In exchange for the 1,500 megawatts of power, BPA promised to provide compensation for the aluminum companies' 6,000 employees. The agency has yet to settle on how much such a commitment is worth. 

Already, most of the smelters have curtailed operations or shut down, citing exorbitant energy costs. Some are even reselling power on the wholesale market. Until the BPA announcement, many intended to restart production in October because new contracts held the promise of cheaper power. The contracts do not include energy remarketing rights. 

BPA maintains aluminum smelters are better off closing the smelters for two years and compensating workers than they are facing huge rate increases. 

"With the kind of increase we're talking about, they're not going to operate anyway," BPA's Hansen said. 

Aluminum officials and union representatives counter that a two-year shutdown could just as quickly doom the industry. 

"It is very difficult for any business to be sidelined for two years," said David Foster, a spokesman for the United Steelworkers of America. "If demand is filled by smelters in other parts of the world, we may never have a viable aluminum industry in the Northwest again." 

John Arthur Wilson, a spokesman for the Northwest Power Alliance, an organization that counts several aluminum companies among its members, said BPA is unfairly targeting an industry that has operated in the region for 60 years. 

"When they say 'We want to shut you down for two years,' that's not curtailment, that's forcing an industry out of business," Wilson said. 

Aluminum officials say rates could be designed to spread the impact more evenly among all classes of customers. The industry supports what it calls a "tiered" rate, under which BPA would sell its low-cost power first -- enough to meet about 75 percent of the commitment to each type of customer -- then the remainder at market rates. 

Even a higher initial rate -- for a short period of time -- might be acceptable, aluminum officials said. 

"We've looked at the economics of running at higher rates, and we may be prepared to do that," Kaiser's Lamb said. 

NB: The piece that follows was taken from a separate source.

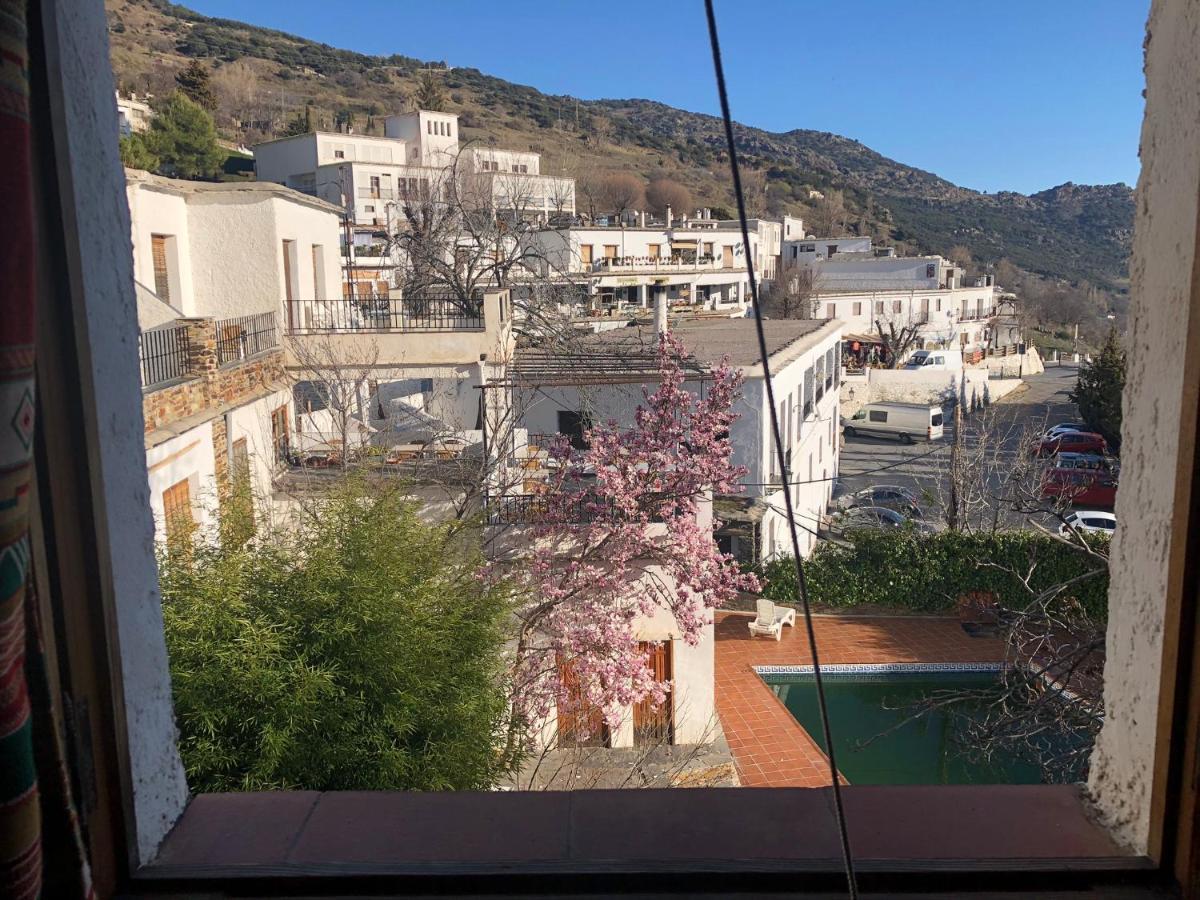 Hostal Rural Poqueira Capileira Bagian luar foto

McCook Metals, which recently purchased a smelter in Longview, Wash., from Alcoa, agreed in February to shut down operations until April 2002. After that date, it intends to restart production, despite BPA's request. 

"We do plan to operate and to make aluminum beginning in April," said Paul Frank, a spokesman for McCook. 

Other BPA customers support the agency's treatment of aluminum companies. They reject the idea of tiered rates. 

Under tiered rates, the aluminum companies would buy only the low-priced power and curtail operations accordingly, said Jerry Leone, manager of the Public Power Council, an association that represents 114 consumer-owned utilities. Public utilities can't control demand so easily, certainly not by 25 percent, she said. 

Tiered rates, Leone said, "are a special deal for the DSIs." 

Leone criticized the aluminum companies for trying to leverage the contract commitments into more lucrative deals. The longer the industry holds out, the more BPA might be willing to pay to get the power back, she said. 

"I think it's a dangerous game," she said. "They're playing roulette with their union members."